Ferris was elevated to become chief operating officer of the company after the Worldpay deal. But management struggled to integrate the two businesses and achieve the synergies it had promised. In 2022, after facing pressure from activist shareholders D.E. Shaw & Co. and Jana Partners, FIS promoted her to become chief executive officer.
“When she came in, I think she found a company that had its problems,” FIS Chief Financial Officer James Kehoe told investors at a conference last year. “It had spread its talent and its capital far too thinly across the company. It was incapable of managing the combination of Worldpay plus traditional FIS, and it stretched the management team too much.”
Untangling the Worldpay integration was one of Ferris’ first major tasks when she became CEO. Once in the seat, she led a strategic overhaul — focusing the company on its core offerings, cutting jobs and promising new cost savings.
Within months, she revealed that FIS would book a $17.6 billion writedown on Worldpay and announced plans to exit the business. The company ultimately sold a majority stake in the division to private equity firm GTCR LLC in a deal that valued Worldpay at $18.5 billion at the time.
“That was a very hard decision for me personally because I had brought it in,” Ferris said. “But I stand behind those decisions because they were right for shareholders, colleagues and clients and feel really good about where everything’s landed.”
Three-Way Tieup
All along, Ferris has been looking for ways to offload the rest of the Worldpay business entirely. That’s where Global Payments came in.

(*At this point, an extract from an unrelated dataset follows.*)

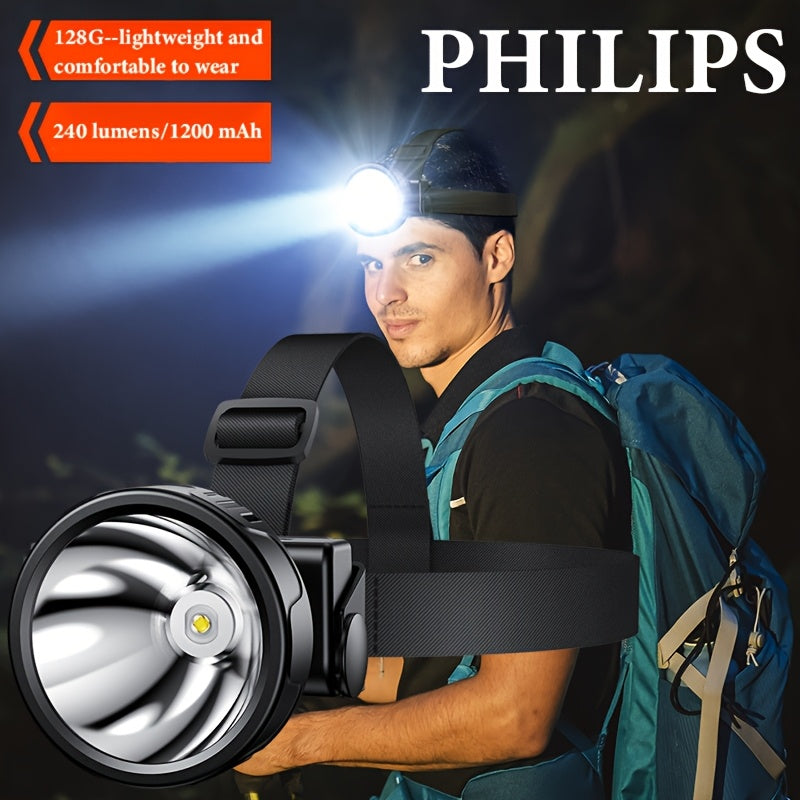 Philips Super Bright Headlamp, Rechargeable Flashlight, 200 Hours Battery Life, Smart Induction, Dual-Color Battery Indicator, Ideal for Camping, Fishing, Emergency & Outdoor Activities, High-Capacity Battery, 1200mAh - SFL1342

In Ferris’ mind, one easy way forward for both companies was to swap assets: Global Payments could take Worldpay and become a behemoth in the so-called business of merchant acquiring, giving it more scale and heft to compete against players like Adyen NV, Stripe Inc. and PayPal Holdings Inc.
In exchange, FIS would get the issuer-solutions business and return to its roots as a major technology provider to the largest banks and capital markets players in the world.
That’s ultimately what the two companies - along with GTCR — announced on April 17: Global Payments acquired the 45% stake in Worldpay that FIS still owned as well as the 55% stake held by GTCR as part of two deals that valued Worldpay at $24.3 billion. Global Payments, meanwhile, agreed to offload the issuer-solutions business to FIS in a $13.5 billion deal.
What Bloomberg Intelligence says:
Fidelity National Information Services’ (FIS) sale of Worldpay to Global Payments — while buying its issuer business — unlocks about $2.7 billion of value and strengthens FIS’ position as a top-three banking-tech provider.
— Diksha Gera, senior industry analyst
So far, stockholders seem to like the idea: Shares of FIS have risen about 6% since the announcement, giving the Jacksonville, Florida-based company a $41 billion valuation.
“Credit issuer-processing is very highly recurring, the clients hardly ever churn,” said David Koning, a senior research analyst at Robert W. Baird & Co. “Whereas merchant acquiring clients churn at a rate around mid-teens per year.”